Yishai's fringes were sky blue, techelet, made from a dye extracted from
snails. The secret of the ancient dye had been lost for many centuries.
The technology for blue fringes hasn't been available for a long time,
Yishai would often tell his mother. My generation has a chance to renew
this mitzvah.
ACROSS TOWN, orthopedic surgeon Moshe Lifschitz had rushed Efrat into
the operating theater. I was the first to take care of her, remembers
Dr. Lifschitz. Not only were her bones shattered, but her femoral artery
was torn in two places. Imagine my surprise to see blue tzitzit, tied
like a tourniquet around her leg. Whoever did this was thinking fast..
In another two or three minutes, she would have bled to death. Those fringes
saved her life.
A few days ago, I phoned Yishai to get details. Months after the attack,
he didn't even know Efrat's name. He'd been content to learn from the
paramedics that the young woman had survived. His Mom bought him new blue
fringes, and his Dad has switched to blue, too.
Visiting Efrat this week, I asked her if she'd ever heard of Yishai.

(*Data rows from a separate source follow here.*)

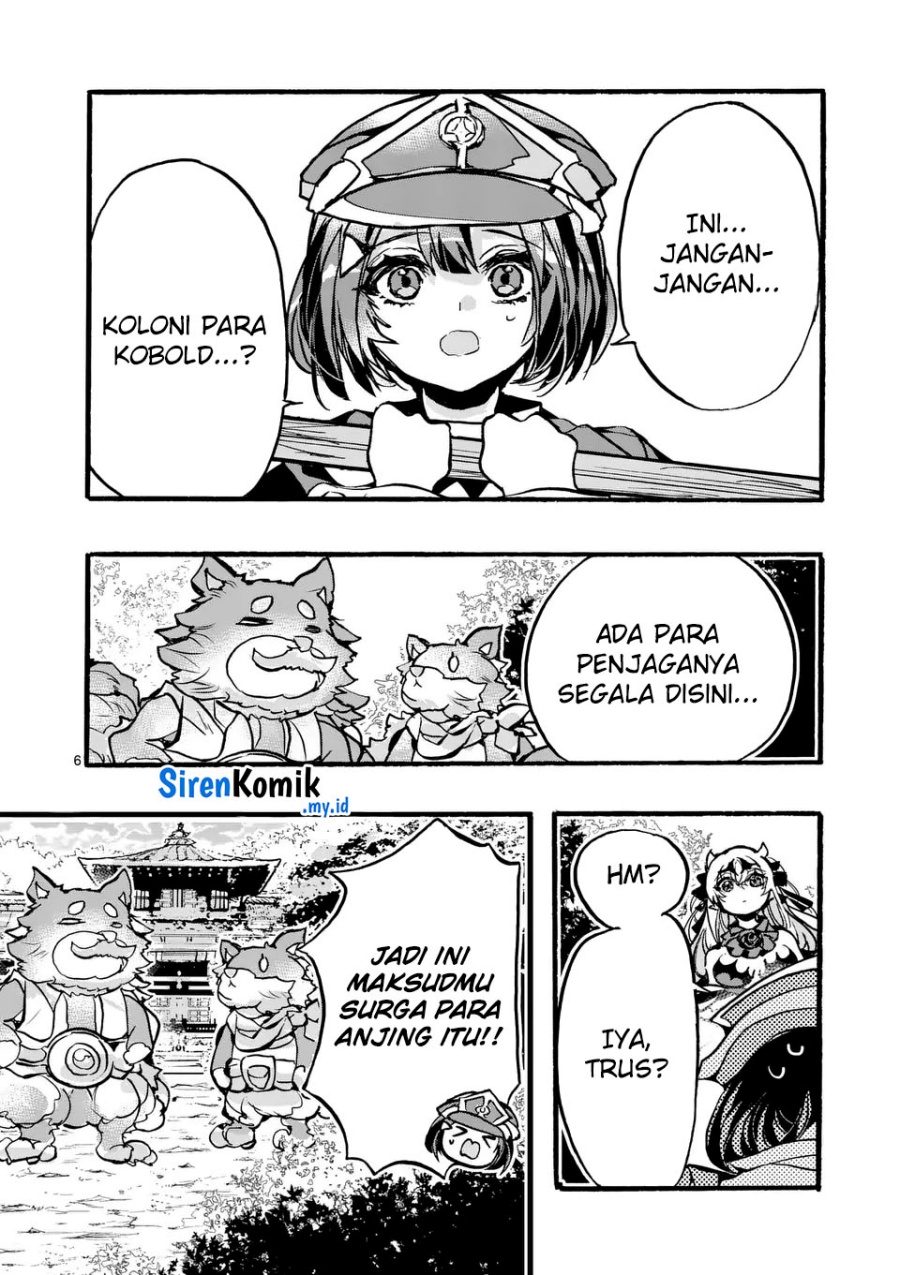 Yamiochi Yuusha No Haishin Haishin~Tsuihousare, Kakushi Boss Beya Ni Hourikomareta Kekka, Boss To Tansakushagari Haishin Wo Hajimeru~ Chapter 06 Gambar 7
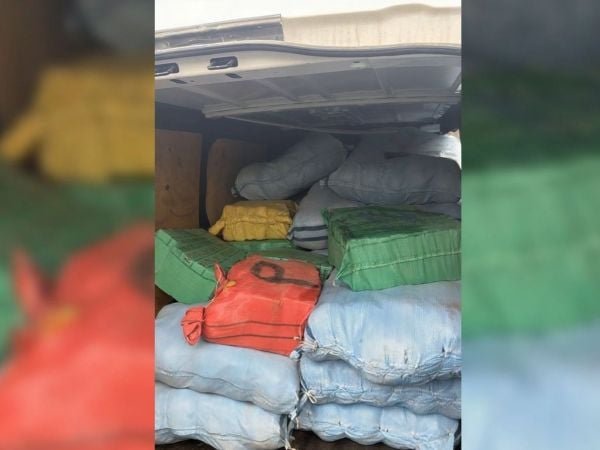 Incautación de Más de 780 Kilos de Droga en la Región de Atacama - Incautación de 780 kilos de droga sacude a Atacama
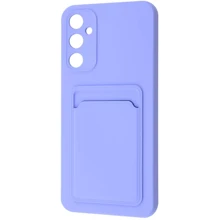 Аксессуар для смартфона WAVE Colorful Case Pocket Light Purple for Samsung A057 Galaxy A05s: Совместимость Samsung A057 Galaxy A05s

She shook her head. She had never understood what someone who was so religious
as to wear a small prayer shawl could be doing in the trendy night spot.
Efrat is undergoing additional surgery. Yishai is taking matriculation
exams. Now that they know about each other, each would like to meet the
other.
After all, they're already bound together - by the strings and knots
that lead back to the ancient rituals of the Jewish people, and that form
the future fabric of the Jewish State.